Before long, the elevator pitch loses sight of the big idea and becomes mired in the weeds talking about how all the pieces fit together.

There are plenty of articles encouraging start-ups to focus on a market need, lest they apply their technology in too many directions and confuse the story. There has also been much written about the need to address how the business solves a problem in the market, rather than getting stuck in jargon-filled engineering esoterica.

Brand architecture discipline supports both of these objectives - by offering a framework to help customers navigate a portfolio of offerings efficiently and intuitively.

Three simple Brand Architecture principles for B2B start-ups.

1. Build for flexibility. Too many things with names attached to them will constrain and complicate your story. Imagine how your business might evolve and create the simplest brand structure that could accommodate that growth - so you can maintain degrees of freedom.

2. Don’t name the table stakes.

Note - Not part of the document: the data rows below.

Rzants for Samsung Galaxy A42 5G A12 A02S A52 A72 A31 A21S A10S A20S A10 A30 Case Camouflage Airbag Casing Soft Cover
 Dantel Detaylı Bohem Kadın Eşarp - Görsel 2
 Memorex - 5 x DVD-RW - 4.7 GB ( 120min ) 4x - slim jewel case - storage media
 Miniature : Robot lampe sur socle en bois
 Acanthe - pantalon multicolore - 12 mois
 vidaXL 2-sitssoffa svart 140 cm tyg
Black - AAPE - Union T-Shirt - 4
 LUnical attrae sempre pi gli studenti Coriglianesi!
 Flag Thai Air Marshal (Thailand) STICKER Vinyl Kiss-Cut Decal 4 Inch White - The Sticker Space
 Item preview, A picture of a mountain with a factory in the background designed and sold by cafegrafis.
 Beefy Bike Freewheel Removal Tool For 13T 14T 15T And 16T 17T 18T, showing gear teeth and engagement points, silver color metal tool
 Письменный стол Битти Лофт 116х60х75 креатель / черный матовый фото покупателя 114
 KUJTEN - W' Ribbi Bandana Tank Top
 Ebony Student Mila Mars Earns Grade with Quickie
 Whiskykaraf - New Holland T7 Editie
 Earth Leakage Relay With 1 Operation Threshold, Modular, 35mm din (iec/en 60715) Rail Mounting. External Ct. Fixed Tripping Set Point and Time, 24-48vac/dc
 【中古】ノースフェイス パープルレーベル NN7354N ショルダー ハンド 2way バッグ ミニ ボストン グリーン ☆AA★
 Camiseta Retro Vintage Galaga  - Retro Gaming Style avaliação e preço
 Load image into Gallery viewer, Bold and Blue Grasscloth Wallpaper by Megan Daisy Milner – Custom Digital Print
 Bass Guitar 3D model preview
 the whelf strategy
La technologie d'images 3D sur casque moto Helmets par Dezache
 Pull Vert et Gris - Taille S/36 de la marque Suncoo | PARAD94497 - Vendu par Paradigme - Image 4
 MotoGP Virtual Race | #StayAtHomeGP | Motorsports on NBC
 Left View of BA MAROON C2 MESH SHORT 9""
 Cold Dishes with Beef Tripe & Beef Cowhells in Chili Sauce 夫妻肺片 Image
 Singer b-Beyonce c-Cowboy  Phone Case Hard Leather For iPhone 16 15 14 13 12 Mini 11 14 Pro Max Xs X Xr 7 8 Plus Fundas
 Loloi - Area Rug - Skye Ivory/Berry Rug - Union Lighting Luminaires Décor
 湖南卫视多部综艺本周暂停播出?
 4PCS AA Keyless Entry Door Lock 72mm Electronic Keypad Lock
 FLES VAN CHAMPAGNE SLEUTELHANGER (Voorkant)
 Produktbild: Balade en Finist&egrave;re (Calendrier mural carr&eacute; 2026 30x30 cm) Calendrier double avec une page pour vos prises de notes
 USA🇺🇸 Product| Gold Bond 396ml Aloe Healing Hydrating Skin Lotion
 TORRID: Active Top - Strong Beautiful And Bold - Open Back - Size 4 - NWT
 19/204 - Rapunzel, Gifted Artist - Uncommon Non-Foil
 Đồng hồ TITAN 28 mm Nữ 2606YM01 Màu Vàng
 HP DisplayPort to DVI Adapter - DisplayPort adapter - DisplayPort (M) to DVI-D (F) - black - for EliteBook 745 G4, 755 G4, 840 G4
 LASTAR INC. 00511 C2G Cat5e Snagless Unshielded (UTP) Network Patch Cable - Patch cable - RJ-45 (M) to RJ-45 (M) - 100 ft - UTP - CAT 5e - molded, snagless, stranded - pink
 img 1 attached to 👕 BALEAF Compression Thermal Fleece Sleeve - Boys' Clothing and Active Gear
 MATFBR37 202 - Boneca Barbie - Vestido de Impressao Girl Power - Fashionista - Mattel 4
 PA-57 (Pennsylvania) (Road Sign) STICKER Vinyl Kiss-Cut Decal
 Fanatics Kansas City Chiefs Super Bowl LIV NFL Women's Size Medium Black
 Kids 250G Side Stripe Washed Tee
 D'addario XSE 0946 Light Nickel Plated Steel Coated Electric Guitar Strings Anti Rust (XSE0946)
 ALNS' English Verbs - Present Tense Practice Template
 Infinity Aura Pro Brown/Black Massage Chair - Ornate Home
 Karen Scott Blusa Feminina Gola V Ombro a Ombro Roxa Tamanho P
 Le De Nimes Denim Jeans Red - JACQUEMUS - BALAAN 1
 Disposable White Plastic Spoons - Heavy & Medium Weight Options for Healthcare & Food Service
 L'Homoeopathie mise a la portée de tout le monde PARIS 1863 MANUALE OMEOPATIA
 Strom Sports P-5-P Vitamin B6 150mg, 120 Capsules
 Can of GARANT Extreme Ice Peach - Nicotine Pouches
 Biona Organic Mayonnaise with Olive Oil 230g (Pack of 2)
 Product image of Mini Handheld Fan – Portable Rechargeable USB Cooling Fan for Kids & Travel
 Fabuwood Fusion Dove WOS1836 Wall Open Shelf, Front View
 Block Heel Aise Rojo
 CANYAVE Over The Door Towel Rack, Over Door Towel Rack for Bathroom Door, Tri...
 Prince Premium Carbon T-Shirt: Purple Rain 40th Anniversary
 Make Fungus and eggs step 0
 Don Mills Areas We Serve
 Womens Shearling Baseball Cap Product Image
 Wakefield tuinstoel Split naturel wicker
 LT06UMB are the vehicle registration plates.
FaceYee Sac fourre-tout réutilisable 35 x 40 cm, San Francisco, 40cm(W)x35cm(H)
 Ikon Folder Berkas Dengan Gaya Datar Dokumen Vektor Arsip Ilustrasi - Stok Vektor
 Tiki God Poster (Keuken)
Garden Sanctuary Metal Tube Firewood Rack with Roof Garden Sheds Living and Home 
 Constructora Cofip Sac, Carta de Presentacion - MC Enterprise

If everyone else in the market offers a similar capability, why bother naming yours? Let it live as a natural function within your overall solution.

3. Resist the siren’s song of name proliferation. More brands or more names mean more explaining. More explaining is more expensive – in time and money. Keep the focus on the master brand (or, on the dominant product brand) - and support as needed with descriptions of notable features or capabilities. 

In short: Keep it simple.

There is a right time/right place for the technical talk - and it is not in elevator. Avoid an overly wrought product portfolio from the start to make your story easier to tell and easier to sell.